Saudi Arabia and the UAE, meanwhile, have stressed their commitment to the OPEC+ oil alliance, which Riyadh and Moscow lead, despite mounting US sanctions on Russian crude that culminated in a ban on Tuesday.
The UAE reaffirmed that commitment on Thursday, a day after its ambassador to Washington said his country would encourage OPEC to "consider higher production levels".
According to a Wall Street Journal report Tuesday citing Middle East and US officials, Saudi Crown Prince Mohammed bin Salman and the UAE's Sheikh Mohammed bin Zayed Al-Nahyan, their countries' de facto rulers, have both declined US requests to speak to Biden in recent weeks.
However, the report "does not reflect reality", said Emily Horne, spokeswoman for the White House's National Security Council, adding that Biden had spoken to Saudi King Salman last month.
"There have been no requests for calls since that conversation," she said.
But the US president and the crown prince haven't spoken since Biden took office and vowed to treat the kingdom as a "pariah" state over Khashoggi's October 2018 murder in Istanbul that the CIA blamed on the Saudi royal.
Asked by The Atlantic magazine whether Biden misunderstands him, the 36-year-old prince shrugged: "Simply, I do not care."
Founded on an American battleship in 1945, when then Saudi king Abdul Aziz bin Saud and US president Franklin D. Roosevelt first held talks, the US alliance with Saudi Arabia, and later with neighbouring monarchies, has always been defined as an oil-for-protection arrangement.
In the Arab world, the six Arab countries of the Gulf, hosting US and other foreign troops and bases, were long regarded as "puppets" for the Americans.
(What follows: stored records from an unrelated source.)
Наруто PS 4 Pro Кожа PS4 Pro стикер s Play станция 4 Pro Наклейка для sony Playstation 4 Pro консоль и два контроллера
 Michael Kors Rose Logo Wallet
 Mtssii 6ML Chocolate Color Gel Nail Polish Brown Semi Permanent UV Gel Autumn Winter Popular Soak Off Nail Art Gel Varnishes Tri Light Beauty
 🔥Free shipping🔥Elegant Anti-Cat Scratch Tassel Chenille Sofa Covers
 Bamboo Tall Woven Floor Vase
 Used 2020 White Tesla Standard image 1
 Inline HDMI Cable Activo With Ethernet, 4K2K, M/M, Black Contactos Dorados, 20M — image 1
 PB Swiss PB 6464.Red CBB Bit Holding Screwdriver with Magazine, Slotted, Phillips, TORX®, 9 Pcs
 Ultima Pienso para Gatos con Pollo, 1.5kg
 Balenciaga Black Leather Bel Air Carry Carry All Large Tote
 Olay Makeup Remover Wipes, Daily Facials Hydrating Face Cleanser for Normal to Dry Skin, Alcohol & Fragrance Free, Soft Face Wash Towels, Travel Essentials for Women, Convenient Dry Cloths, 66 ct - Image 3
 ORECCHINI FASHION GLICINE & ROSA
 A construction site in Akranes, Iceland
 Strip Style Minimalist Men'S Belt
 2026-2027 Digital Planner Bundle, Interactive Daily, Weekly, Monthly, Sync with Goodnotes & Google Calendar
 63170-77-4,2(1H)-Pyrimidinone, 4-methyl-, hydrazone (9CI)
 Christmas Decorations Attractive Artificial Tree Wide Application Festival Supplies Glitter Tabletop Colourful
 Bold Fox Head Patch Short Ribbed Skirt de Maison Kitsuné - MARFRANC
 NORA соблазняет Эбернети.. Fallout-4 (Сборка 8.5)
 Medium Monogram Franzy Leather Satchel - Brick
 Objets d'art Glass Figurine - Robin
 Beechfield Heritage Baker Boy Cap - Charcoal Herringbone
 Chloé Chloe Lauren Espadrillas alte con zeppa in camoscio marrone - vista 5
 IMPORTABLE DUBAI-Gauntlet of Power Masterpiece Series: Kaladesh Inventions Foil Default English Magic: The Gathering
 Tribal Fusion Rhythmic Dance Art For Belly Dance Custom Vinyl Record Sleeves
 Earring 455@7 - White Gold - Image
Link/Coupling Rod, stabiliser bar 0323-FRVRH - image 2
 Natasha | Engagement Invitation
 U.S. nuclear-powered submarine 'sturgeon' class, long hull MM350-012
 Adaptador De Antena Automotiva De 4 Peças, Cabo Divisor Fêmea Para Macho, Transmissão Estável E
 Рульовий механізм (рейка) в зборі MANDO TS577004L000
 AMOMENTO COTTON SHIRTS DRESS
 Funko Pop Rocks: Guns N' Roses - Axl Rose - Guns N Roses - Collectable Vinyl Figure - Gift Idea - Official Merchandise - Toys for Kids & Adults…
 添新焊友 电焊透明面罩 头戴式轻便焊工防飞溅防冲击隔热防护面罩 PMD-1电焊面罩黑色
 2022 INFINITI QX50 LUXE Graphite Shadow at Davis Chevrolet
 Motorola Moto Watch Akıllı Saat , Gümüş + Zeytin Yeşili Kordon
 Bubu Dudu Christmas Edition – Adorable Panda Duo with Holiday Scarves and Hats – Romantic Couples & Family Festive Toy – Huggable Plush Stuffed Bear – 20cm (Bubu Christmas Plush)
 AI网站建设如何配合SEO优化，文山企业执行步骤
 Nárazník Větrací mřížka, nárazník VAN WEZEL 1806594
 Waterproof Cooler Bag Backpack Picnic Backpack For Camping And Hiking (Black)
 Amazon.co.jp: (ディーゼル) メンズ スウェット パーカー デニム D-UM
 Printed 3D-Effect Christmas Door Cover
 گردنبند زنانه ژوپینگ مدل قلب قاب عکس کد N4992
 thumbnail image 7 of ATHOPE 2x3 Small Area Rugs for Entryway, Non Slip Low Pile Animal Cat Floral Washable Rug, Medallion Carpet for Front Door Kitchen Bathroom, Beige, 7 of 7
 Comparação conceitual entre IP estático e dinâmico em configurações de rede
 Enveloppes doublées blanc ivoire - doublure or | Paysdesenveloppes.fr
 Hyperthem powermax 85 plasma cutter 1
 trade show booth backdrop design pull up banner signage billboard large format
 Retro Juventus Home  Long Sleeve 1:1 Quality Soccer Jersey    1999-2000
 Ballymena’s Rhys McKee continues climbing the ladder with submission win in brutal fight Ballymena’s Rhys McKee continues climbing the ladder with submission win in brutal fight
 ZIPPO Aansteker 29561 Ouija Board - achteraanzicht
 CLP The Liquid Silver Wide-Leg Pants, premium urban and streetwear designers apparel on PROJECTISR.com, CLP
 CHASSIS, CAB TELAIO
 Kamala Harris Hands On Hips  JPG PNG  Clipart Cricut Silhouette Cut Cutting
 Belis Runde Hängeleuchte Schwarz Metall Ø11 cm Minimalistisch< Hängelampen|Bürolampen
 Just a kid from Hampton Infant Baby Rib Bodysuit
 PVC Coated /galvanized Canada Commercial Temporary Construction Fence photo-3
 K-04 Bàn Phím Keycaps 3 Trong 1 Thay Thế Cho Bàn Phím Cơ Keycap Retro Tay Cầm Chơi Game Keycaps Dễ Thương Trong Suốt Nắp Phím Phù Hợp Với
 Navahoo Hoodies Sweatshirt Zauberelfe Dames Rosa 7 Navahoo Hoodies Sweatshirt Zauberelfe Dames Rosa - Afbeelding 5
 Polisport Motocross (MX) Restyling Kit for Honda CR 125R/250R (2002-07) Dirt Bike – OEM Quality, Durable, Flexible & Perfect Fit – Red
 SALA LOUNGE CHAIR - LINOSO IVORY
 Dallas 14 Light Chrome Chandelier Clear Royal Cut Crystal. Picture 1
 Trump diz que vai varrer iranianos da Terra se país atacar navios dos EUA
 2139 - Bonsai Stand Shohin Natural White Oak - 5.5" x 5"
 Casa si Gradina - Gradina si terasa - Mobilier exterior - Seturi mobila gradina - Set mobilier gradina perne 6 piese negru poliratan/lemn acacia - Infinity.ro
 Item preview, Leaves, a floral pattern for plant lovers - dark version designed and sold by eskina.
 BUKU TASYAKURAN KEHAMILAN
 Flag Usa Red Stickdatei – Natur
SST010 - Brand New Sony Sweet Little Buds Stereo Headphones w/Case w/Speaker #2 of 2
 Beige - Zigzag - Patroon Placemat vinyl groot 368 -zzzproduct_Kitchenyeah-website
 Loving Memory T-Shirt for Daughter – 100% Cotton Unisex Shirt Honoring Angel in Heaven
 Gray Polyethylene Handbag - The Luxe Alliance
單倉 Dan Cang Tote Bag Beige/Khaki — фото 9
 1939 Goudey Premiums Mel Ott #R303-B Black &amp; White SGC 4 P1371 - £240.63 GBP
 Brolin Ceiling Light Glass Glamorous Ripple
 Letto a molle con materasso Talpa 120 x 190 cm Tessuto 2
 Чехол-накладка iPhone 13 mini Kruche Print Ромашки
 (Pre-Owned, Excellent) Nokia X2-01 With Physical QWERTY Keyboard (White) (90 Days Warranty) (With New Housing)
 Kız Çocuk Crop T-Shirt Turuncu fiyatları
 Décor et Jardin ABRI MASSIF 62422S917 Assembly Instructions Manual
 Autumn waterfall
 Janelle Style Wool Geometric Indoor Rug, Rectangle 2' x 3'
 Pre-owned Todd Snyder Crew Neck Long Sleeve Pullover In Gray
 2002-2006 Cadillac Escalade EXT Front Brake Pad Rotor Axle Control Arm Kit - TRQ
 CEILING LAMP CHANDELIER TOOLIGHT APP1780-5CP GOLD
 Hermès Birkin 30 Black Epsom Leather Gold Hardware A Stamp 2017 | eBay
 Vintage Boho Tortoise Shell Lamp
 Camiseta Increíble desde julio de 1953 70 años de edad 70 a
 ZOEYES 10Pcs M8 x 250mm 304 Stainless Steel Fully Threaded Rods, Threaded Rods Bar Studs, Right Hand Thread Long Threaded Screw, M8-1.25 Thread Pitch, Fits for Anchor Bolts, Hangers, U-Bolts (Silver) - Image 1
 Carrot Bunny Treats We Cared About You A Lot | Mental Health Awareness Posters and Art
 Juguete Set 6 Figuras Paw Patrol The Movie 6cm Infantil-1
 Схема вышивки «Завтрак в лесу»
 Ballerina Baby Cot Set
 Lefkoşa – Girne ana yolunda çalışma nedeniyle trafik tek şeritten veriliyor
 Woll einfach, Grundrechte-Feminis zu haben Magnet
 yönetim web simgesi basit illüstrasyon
This started changing a decade ago when the 2011 Arab Spring uprisings sidelined traditional Arab powers such as Egypt and Syria, allowing the stable and prosperous Gulf states to play a more prominent role.
With this change, Saudi Arabia and the UAE, the two biggest Arab economies, made clear that they are seeking an independent foreign policy based on national interests.
The Gulf allies are now fighting Iran-backed Huthi rebels in Yemen and have strengthened ties with Russia and China, while the UAE has established ties with Iran's arch-enemy, Israel.
"The UAE (shouldn't) be projected as a puppet of the United States anymore," Abdulkhaleq Abdulla, a political science professor in the UAE, told CNN this month.
"Just because we have such great relations with America, we do not take orders from Washington, and we have to do things consistent with our own strategy and priority."
Many frustrations have strained relations, including Biden's engagement with Iran, the US refusal to label Yemen rebels as terrorists, and the showdown over Khashoggi's murder.
But security is at the heart of the matter: the lack of a strong US response when Saudi's Aramco oil facilities were attacked in 2019, and Washington's announced desire to downgrade its military commitments in the Middle East.
"Gulf countries like Saudi Arabia and the UAE... are no longer willing to rely on the United States as the ultimate guarantor of security," Hussein Ibish from the Arab Gulf States Institute in Washington wrote last week.
"While the United States remains a primary strategic partner, these... vulnerable states with much to lose have no choice but to diversify their diplomatic options and strategic toolkits."
"The rise of a multipolar world involving much greater global power and influence, mainly by Russia and China, is inevitable," he added.